__RECORDS FOR THE EXERCISE__.
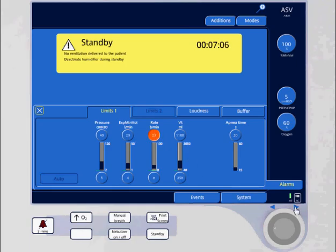So if you have the pressure setting at 40, it's going to only allow the inspiratory pressure to get up to 30.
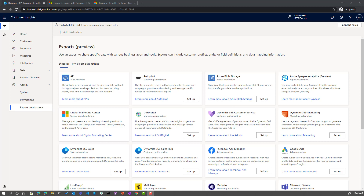Hello, and welcome to CI Under 5. My name is John Weezy, and in this quick episode, I'd like to briefly walk you through how you connect Customer Insights to Dynamics to export your segments, either to marketing or sales, or going the other direction, how do you use the customer card add-in?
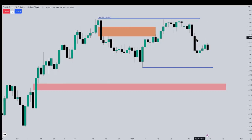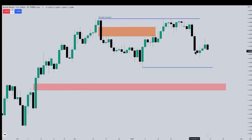Look at a gap like this — a sell side imbalance buy side inefficiency, which is a fair value gap. By classification, the PD array is a fair value gap. SIBI — S-I-B-I — is what I usually abbreviate in my charts. It's sell side imbalance, meaning it's all one-sided: one big candle going down, lacking efficiency on the buy side. In other words, it needs to be offered at a later time with movement higher by price.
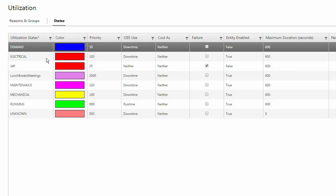States are really similar, but they just have their default states, the colors that you can set them to, some priorities, and then whether they are downtime or runtime type groupings. These utilization states have a bunch of the default values that you can push down to utilization reasons. Hopefully that gives you a good summary of what's available in Wonderware MES performance for the web.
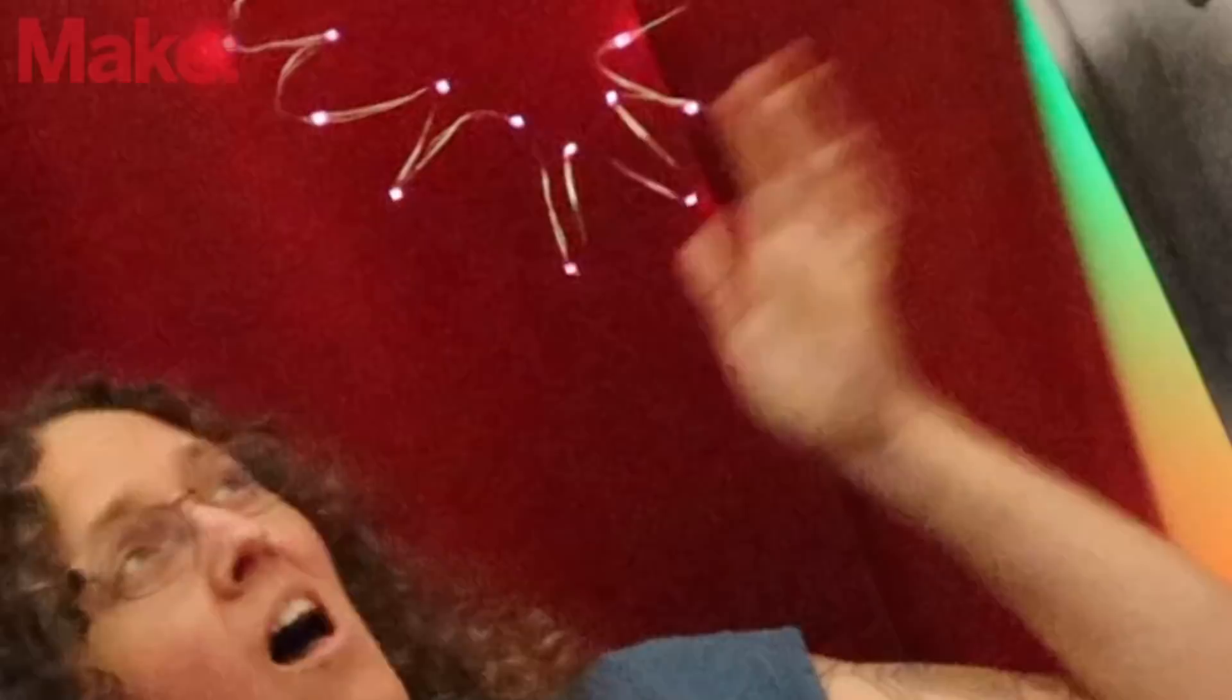Thank you very much to our sponsor Liquid Instruments who loaned us a Moku Go so we could show you exactly how we can manipulate light itself!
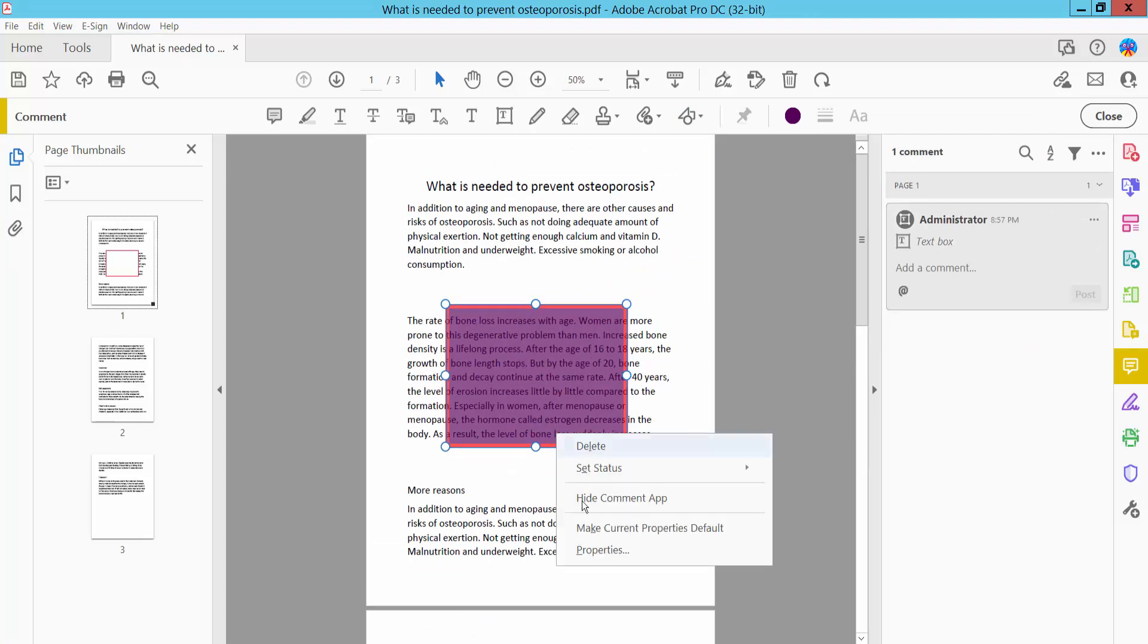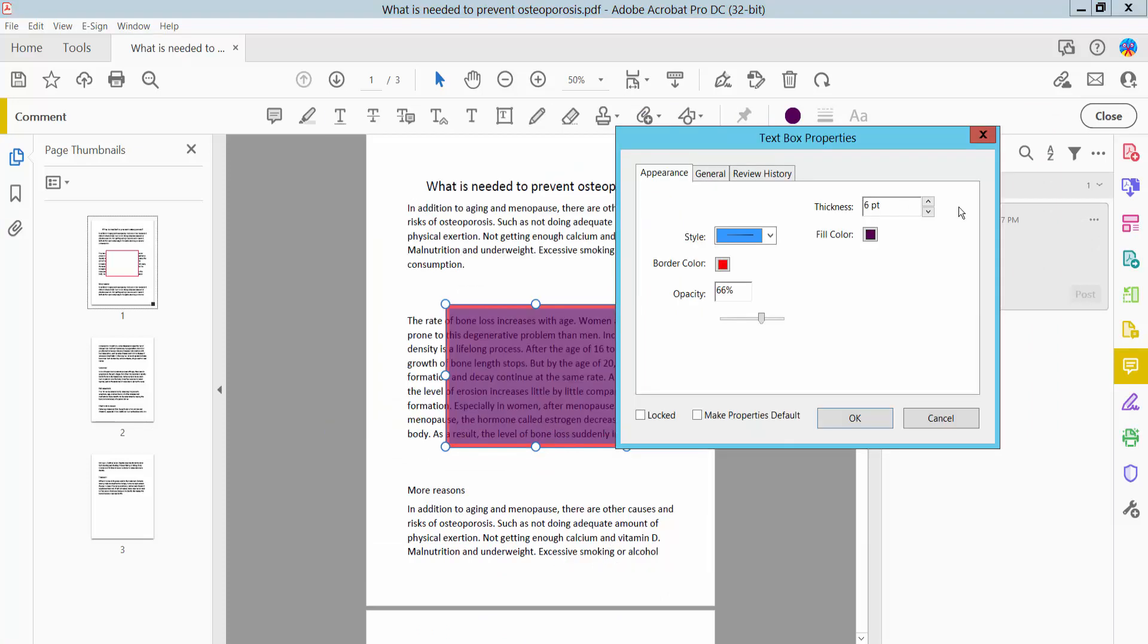You can also adjust properties like border line thickness.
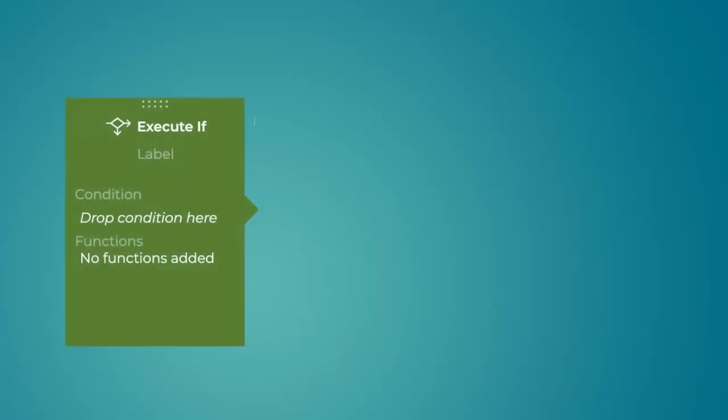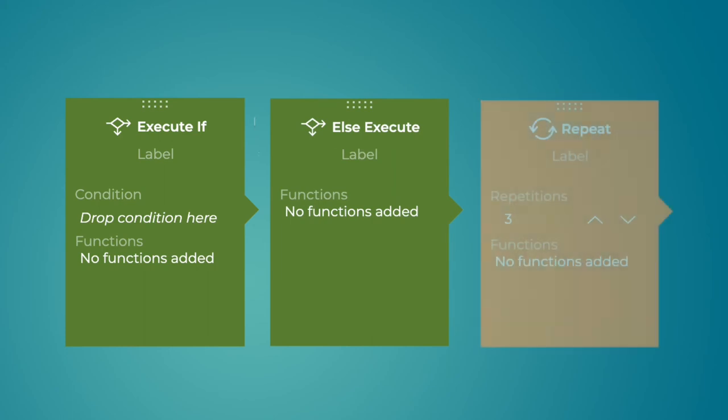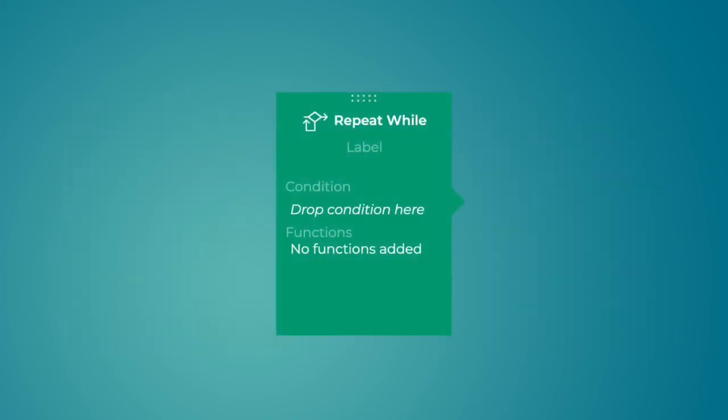We have now understood how Execute If, Else Execute and Repeat blocks work. Let us now take a look at Repeat While. This block allows you to create a container whose steps will be repeated as long as the defined condition is true.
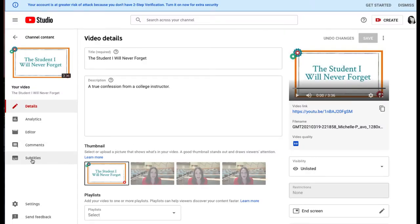To do that, click on Edit Video. Over on the left side, select Subtitles.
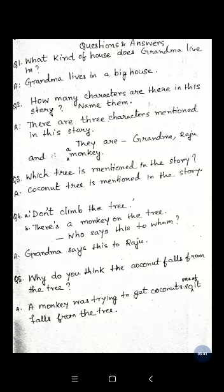Here are the question answers. Question 1: What kind of house does Grandma live in? Grandma lives in a big house. Question 2: How many characters are there in this story? Name them. There are 3 characters mentioned in this story — they are Grandma, Raju, and a monkey. Question 3: Which tree is mentioned in the story? Coconut tree is mentioned in the story.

__EXERCISE BRIEF__.
Output each record above exactly as it stands, excluding all pictures.

__TASK RESPONSE__.
So if you have the pressure setting at 40, it's going to only allow the inspiratory pressure to get up to 30.
Hello, and welcome to CI Under 5. My name is John Weezy, and in this quick episode, I'd like to briefly walk you through how you connect Customer Insights to Dynamics to export your segments, either to marketing or sales, or going the other direction, how do you use the customer card add-in?
Look at a gap like this — a sell side imbalance buy side inefficiency, which is a fair value gap. By classification, the PD array is a fair value gap. SIBI — S-I-B-I — is what I usually abbreviate in my charts. It's sell side imbalance, meaning it's all one-sided: one big candle going down, lacking efficiency on the buy side. In other words, it needs to be offered at a later time with movement higher by price.
States are really similar, but they just have their default states, the colors that you can set them to, some priorities, and then whether they are downtime or runtime type groupings. These utilization states have a bunch of the default values that you can push down to utilization reasons. Hopefully that gives you a good summary of what's available in Wonderware MES performance for the web.
Thank you very much to our sponsor Liquid Instruments who loaned us a Moku Go so we could show you exactly how we can manipulate light itself!
You can also adjust properties like border line thickness.
We have now understood how Execute If, Else Execute and Repeat blocks work. Let us now take a look at Repeat While. This block allows you to create a container whose steps will be repeated as long as the defined condition is true.
To do that, click on Edit Video. Over on the left side, select Subtitles.
Here are the question answers. Question 1: What kind of house does Grandma live in? Grandma lives in a big house. Question 2: How many characters are there in this story? Name them. There are 3 characters mentioned in this story — they are Grandma, Raju, and a monkey. Question 3: Which tree is mentioned in the story? Coconut tree is mentioned in the story.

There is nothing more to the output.